The term visual literacy has been used in a variety of ways but I like to use the term simply to mean, ‘Reading a picture.’   What do we want children to do with a text when we ask them to read it?  We want them to look at it, comprehend what is going on and then respond to it in a variety of ways.  This can simply be for enjoyment, to influence their thinking and encourage questioning or to inspire some writing.   This is what we want to happen when we show them a picture.

The advantage of using an image is that any child can respond.  Even young children or children who cannot read can respond and react to an image.  The more unusual the image the more powerful the response.  Questioning can be scaffolded and shaped using stems and models provided by Bloom, DeBono and many others, these support layered understanding and can also provide the basis for interesting lesson foci.

This is a photograph of a statue at St Pancras Station sent to me by a wonderful photographer called Jane Hewitt, http://www.janehewittphotography.co.uk/

I love the powerful images in this sculpture.  The first question I ask the children is ‘What is happening in this picture.’  I then let them discuss in mixed ability groups; place an A4 image on a large piece of sugar paper for them to record their ideas on.  Some children will need to have a few leading questions for example, where are they?  Who are the men on the left?

Ask the children to choose one face and highlight it.  What is that person thinking?  What are they saying?  Who are they?  Why are they there?  What will they do next?     Next set up a tableau with the children becoming a ‘character’ from the scene, frozen in place.  Walk between the children ‘waking’ them up one at a time and ask them what they are thinking, what they are doing there.  This provides a memorable concrete experience that they are able to draw on in subsequent writing sessions.

This image is from the Ukraine, I love the mysteriousness of it.  A simple way to inspire a narrative is by asking the following questions;

  • Who are the two children?
  • What is at the end of the tunnel?
  • Where does it lead to?
  • Why are they walking down it?
  • When is it taking place?
  • How was the tunnel created?


It is important to create a ‘safe’ classroom culture where all answers are valid.  Children need to feel as if their answers will be valued.  This image can be used to inspire narratives from almost every genre, a fantasy story where the tunnel leads to another world.  An adventure story where the characters find a ruined castle or cave.  The only limits are those in the imagination of the children.

I sometimes like to start a story off or give an image a caption for the children to build upon for example with this image: I saw her and then she was gone, I heard her whispering for me to follow.

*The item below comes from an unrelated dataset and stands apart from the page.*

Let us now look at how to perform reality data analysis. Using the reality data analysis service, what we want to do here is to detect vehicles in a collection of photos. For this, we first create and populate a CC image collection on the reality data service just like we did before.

It only took me a few seconds for me to decide…

At this point you could take a vote in the classroom.  How did they make their decision? What happened next?


Once again you can ask the key questions:

Who is the mysterious person?

Why is she there?

What is she doing there?

When did she appear?

Where is it set? Describe the scene.


Answering these questions and discussing the responses will lead to varied and exciting narratives.

Imagine you discover this ‘shed’ at the bottom of your garden, What is inside?  I can imagine it’s magical inside, much bigger than it seems on the outside.  Perhaps lit by candles, strange instruments on the tables, cobwebbed and dusty.

Behind you the door closes gently and you espy this man sat in emerald green robes, peering at you over his glasses, the candles flicker and die out.  It is pitch black and he whispers…


Allow the children 10 words only.  No more and no less.  What does the Wizard say to them?  Make it mysterious.  This is the opening scene to a story.  Perhaps something like “Come, follow me.. Don’t make a sound, she is upstairs!”   Using 10 words only ensures the children will choose their vocabulary carefully.


All of these images and many more can be found in The Literacy Shed. www.literacyshed.com

Perhaps you might like to start in The Images Shed, http://www.literacyshed.com/the-images-shed.html


Author: Robert Smith

I'm Robert Smith and I run http://literacyshed.com - The Literacy Shed is home to a wealth of visual resources that I have collected over my 10 year career as a primary school teacher. I trawl youtube, vimeo and other sites looking for suitable resources to use in the sheds. The sheds are broadly thematic but sometimes a resource could go in 2 or more sheds, I slot it in where I think it works best.

1 Comment to “Picture the story…”
  1. Just reading your stimulus ideas is giving me goosebumps Rob! They are fabulous. I love the 10 words by the man in emerald idea and think their responses would ( and will be when I do it!) fascinating. Your ideas will help children understand how we can all interpret pictures differently and the words add a different dimension completely. I like to give children a picture from the newspaper without the heading and let them write their own then show them the original. They then realize that words sometimes make us ‘see’ what the writer wants us to see. Thanks Rob for another great post.